→ **Work item**: Word for word, transcribe the data below from the line with "Clarke Pants - High" to the line with "Image of YENAPOON", keeping both of those lines.
= Beginning of Section =
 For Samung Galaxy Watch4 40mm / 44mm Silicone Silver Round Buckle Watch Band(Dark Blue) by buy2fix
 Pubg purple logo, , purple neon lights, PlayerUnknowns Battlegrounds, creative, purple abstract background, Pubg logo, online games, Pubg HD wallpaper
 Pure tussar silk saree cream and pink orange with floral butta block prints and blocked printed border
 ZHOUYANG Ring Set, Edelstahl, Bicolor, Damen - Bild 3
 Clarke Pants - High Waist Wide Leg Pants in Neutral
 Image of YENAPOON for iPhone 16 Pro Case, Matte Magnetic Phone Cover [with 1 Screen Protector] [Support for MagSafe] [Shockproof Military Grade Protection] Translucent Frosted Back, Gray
= End of Section =
= Beginning of Section =
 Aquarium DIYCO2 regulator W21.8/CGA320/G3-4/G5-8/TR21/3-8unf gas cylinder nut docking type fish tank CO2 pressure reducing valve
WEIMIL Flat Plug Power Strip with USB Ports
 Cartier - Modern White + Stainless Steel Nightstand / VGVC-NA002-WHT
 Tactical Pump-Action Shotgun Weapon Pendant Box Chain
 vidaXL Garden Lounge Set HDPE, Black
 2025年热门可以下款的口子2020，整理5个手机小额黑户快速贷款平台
= End of Section =
= Beginning of Section =
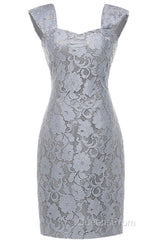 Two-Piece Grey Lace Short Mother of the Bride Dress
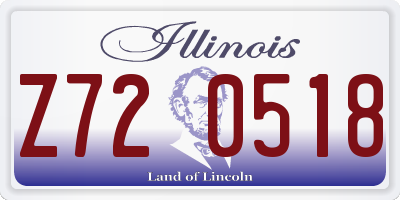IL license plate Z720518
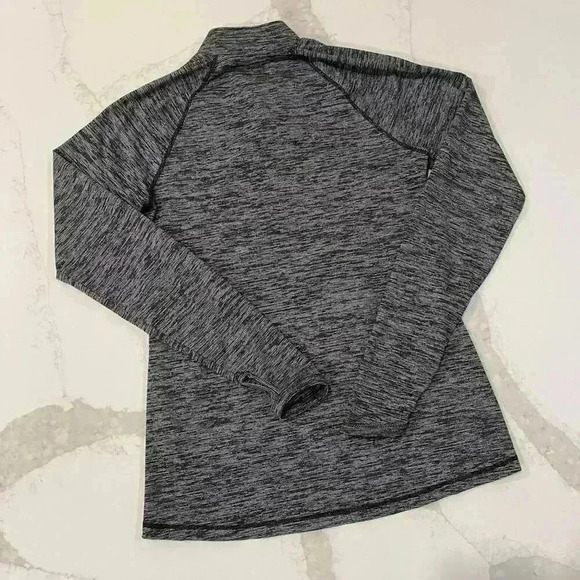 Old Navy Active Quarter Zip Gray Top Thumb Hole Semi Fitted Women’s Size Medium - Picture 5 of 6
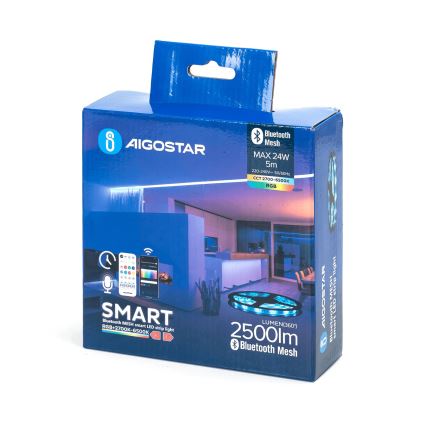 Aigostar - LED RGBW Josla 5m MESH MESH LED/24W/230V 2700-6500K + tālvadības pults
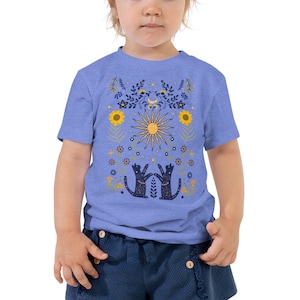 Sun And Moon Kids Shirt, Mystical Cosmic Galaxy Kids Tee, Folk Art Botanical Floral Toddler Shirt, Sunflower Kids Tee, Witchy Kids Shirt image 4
= End of Section =
→ **Output below**:
 Clarke Pants - High Waist Wide Leg Pants in Neutral
 Image of YENAPOON for iPhone 16 Pro Case, Matte Magnetic Phone Cover [with 1 Screen Protector] [Support for MagSafe] [Shockproof Military Grade Protection] Translucent Frosted Back, Gray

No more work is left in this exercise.